DATASET EXTRACT: Begin

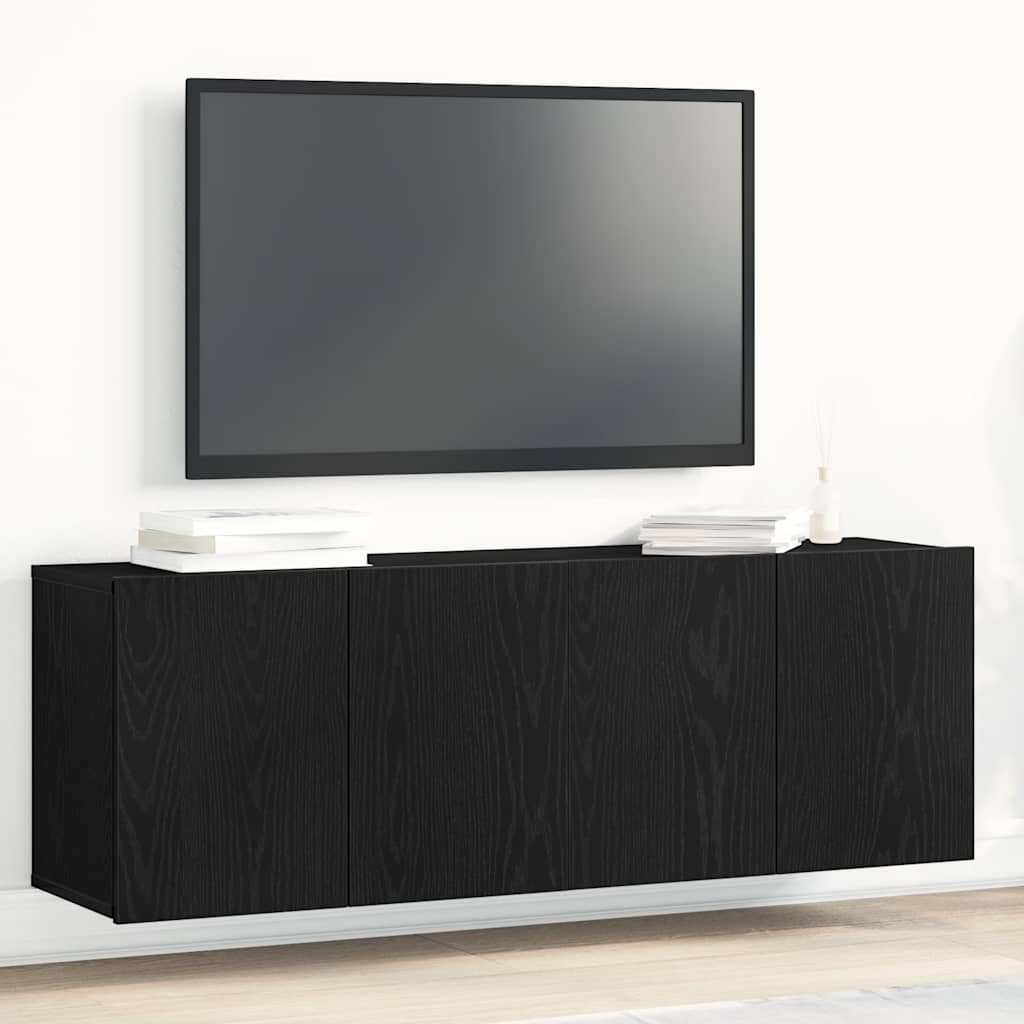 Tv Stolky 2 Ks Černý Dub 120 X 30 X 41 Cm, Z Umělého Dřeva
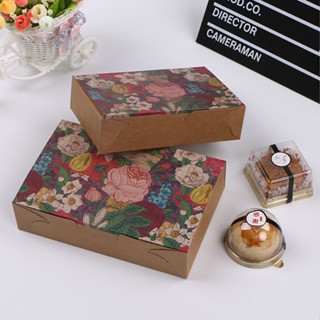 💞10ใบ💞กล่องคราฟ ใส่ขนม ลายกุหลาบ กล่องใส่คุกกี้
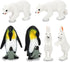 ONEST 25 Pieces Mini Arctic Animals Figurines Set Polar Animal Toys Plastic Arctic Tundra Deer Toy Animal Small White Bear Arctic Fox for Kids Bir...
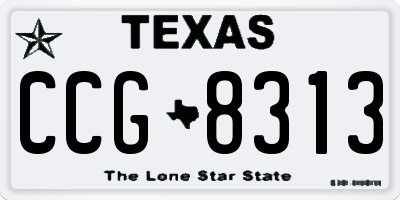 TX license plate CCG8313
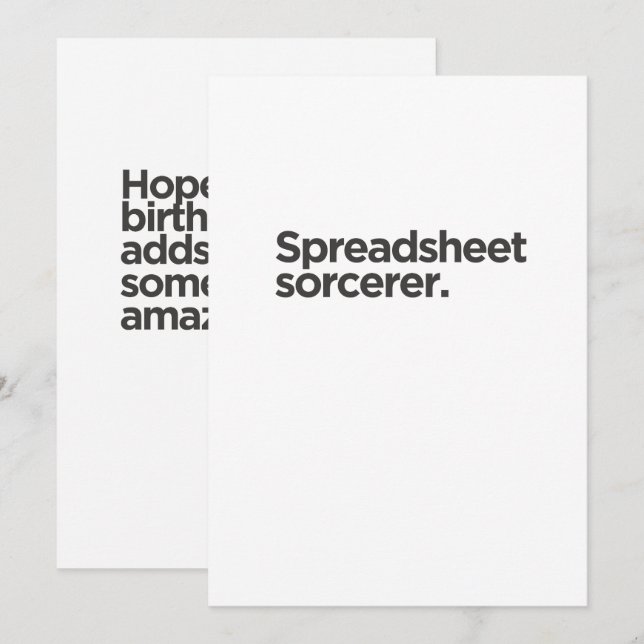 'Spreadsheet sorcerer.' Funny Coworker Birthday  Card (Front/Back)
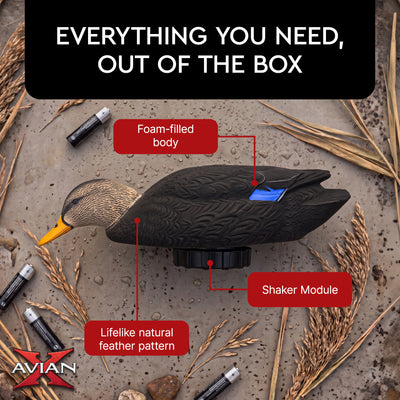 Avian-X Power Shaker Black Duck Motion Hunting Decoy Floating Surface Feeder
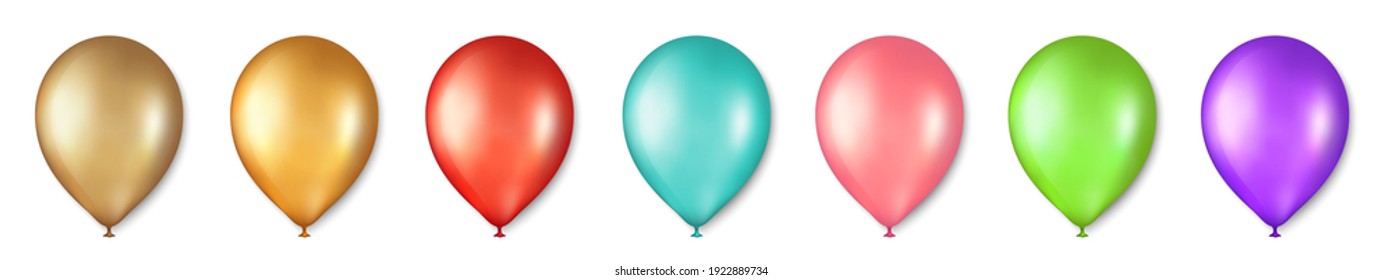 Balloon vector set. Birthday balloons for celebration, party, and wedding. Celebrate Anniversary, Helium gold ballon. Festival romantic decorations. Realistic birthday party elements. Vector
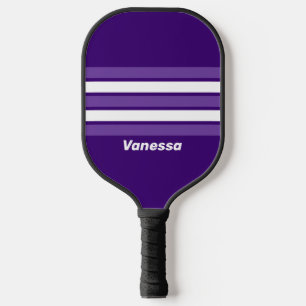 Retro Druivenranken Bos over Strepen met Naam Pickleball Paddle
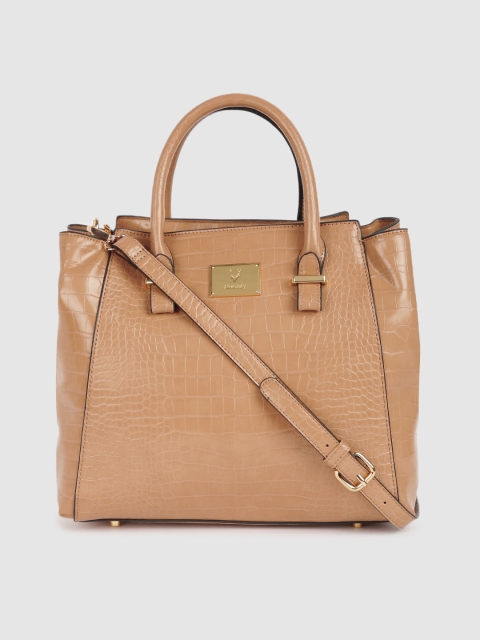 

Allen Solly Brown Croc Textured Handheld Bag
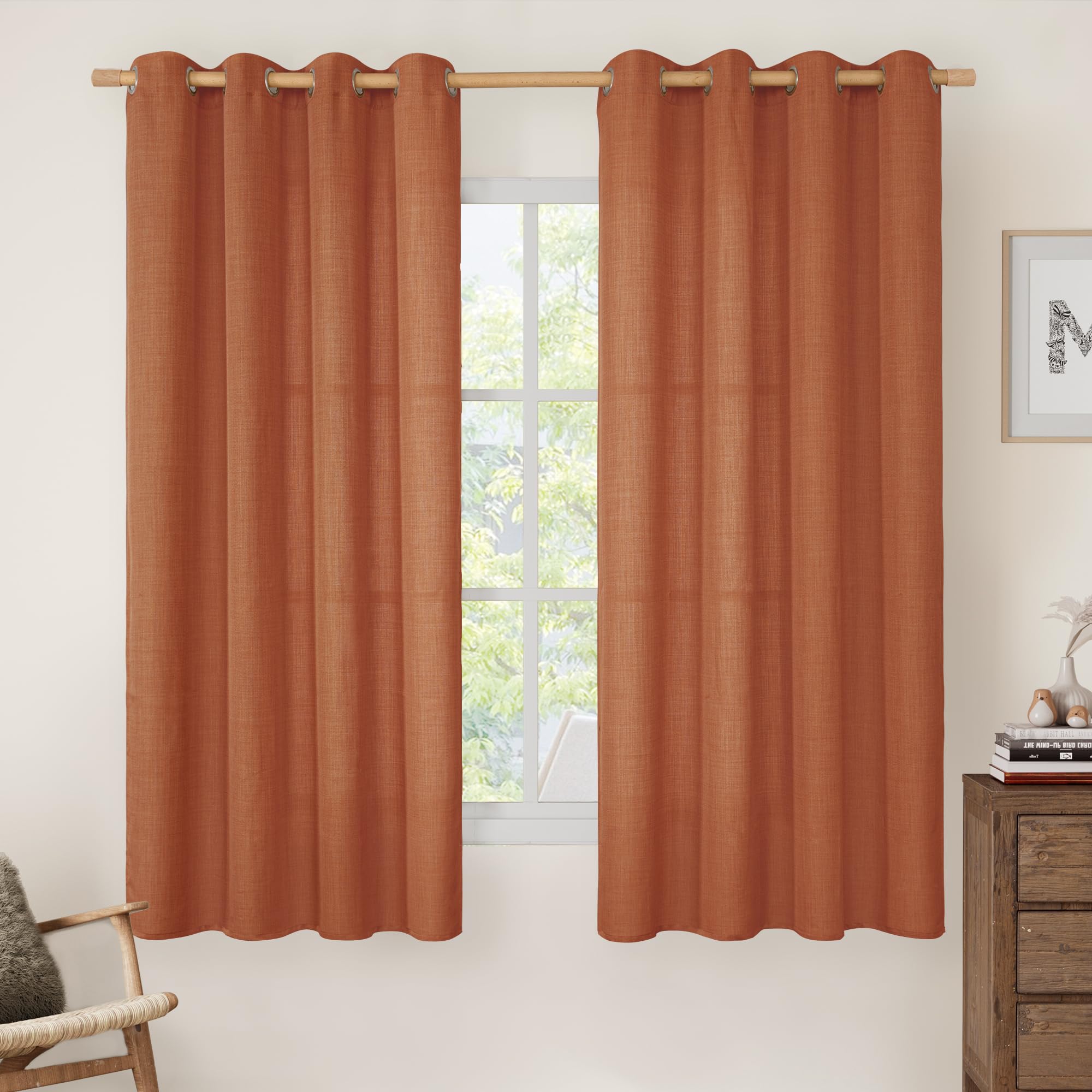 LAMIT Terracotta Light Filtering Linen Curtains 63 Inch Length 2 Panels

DATASET EXTRACT: End

_THE TASK_: Where the line with "Allen Solly Brown Croc Textured Handheld Bag" appears, begin there and transcribe exactly through the last line of the data, leaving all pictures aside.

_YOUR RESPONSE_:
Allen Solly Brown Croc Textured Handheld Bag
 LAMIT Terracotta Light Filtering Linen Curtains 63 Inch Length 2 Panels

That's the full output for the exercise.